Analysis commissioned by the Greens from the independent Parliamentary Budget Office, released last November, found the top 10 per cent reap more than half the benefit of negative gearing and capital gains tax. Indeed, they claim more in capital gains tax deductions than the remaining 90 per cent combined, the PBO found.
Forgone revenue from the two tax concessions was $8.5 billion in 2021-22, and growing fast. It would be more than $20 billion a year within a decade.
Labor used to favour winding back these tax concessions, too.

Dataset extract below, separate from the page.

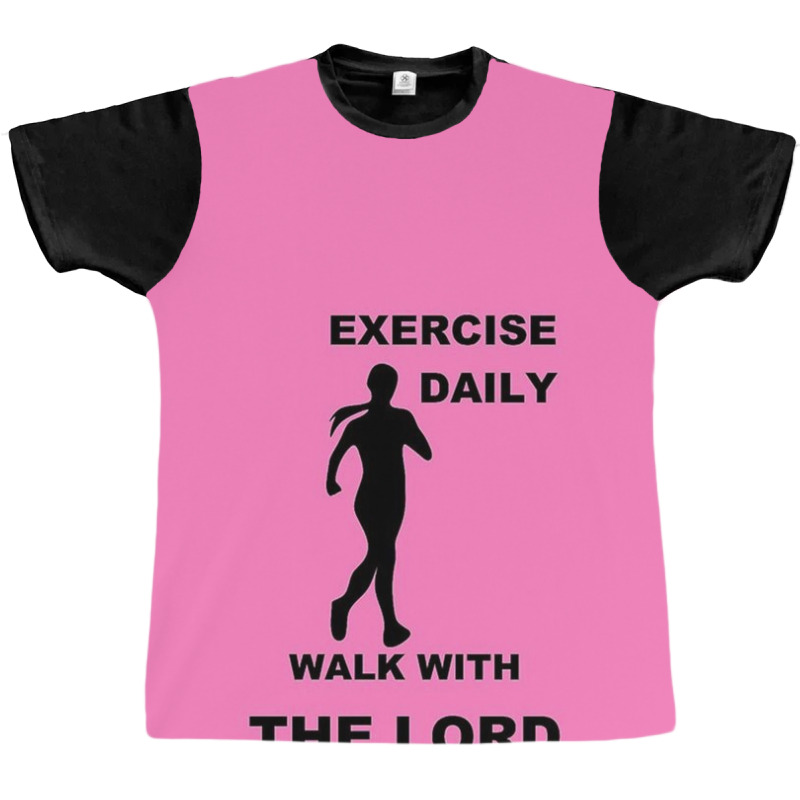 Exercise Daily   Walk With The Lord   Womens Version Graphic T-shirt | Artistshot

Under Bill Shorten’s leadership, the policy was to limit negative gearing to new builds and to reduce the capital gains discount on property from 50 to 25 per cent. But after Labor lost in 2019, it abandoned those positions – a mistake in Samaras’s view, given the electorate’s increasing concern about housing costs.
The shift away from the major parties in seats with a significant cohort of renters was not “in full flight” at the last election, he says, “but it was just one election cycle away”.
So Labor had the right policy, but at the wrong time?
“Yep. The Greens’ proposition – and part of Labor’s membership’s position – to remove negative gearing for people who own more than one investment property, is pretty popular,” he says.
This suggests that the current political standoff over the HAFF, even if Labor eventually gets it through, will not be the end of the issue for many of its core constituents. It’s likely that the party will face growing internal pressure to do something, at least, on tax breaks.
Meanwhile, there is every reason to expect the housing crisis to worsen between now and the next election, exacerbated by record immigration and a shortage of new supply.
And in vulnerable seats all over the country, the Greens’ gathering army of campaigners will be knocking on rented doors.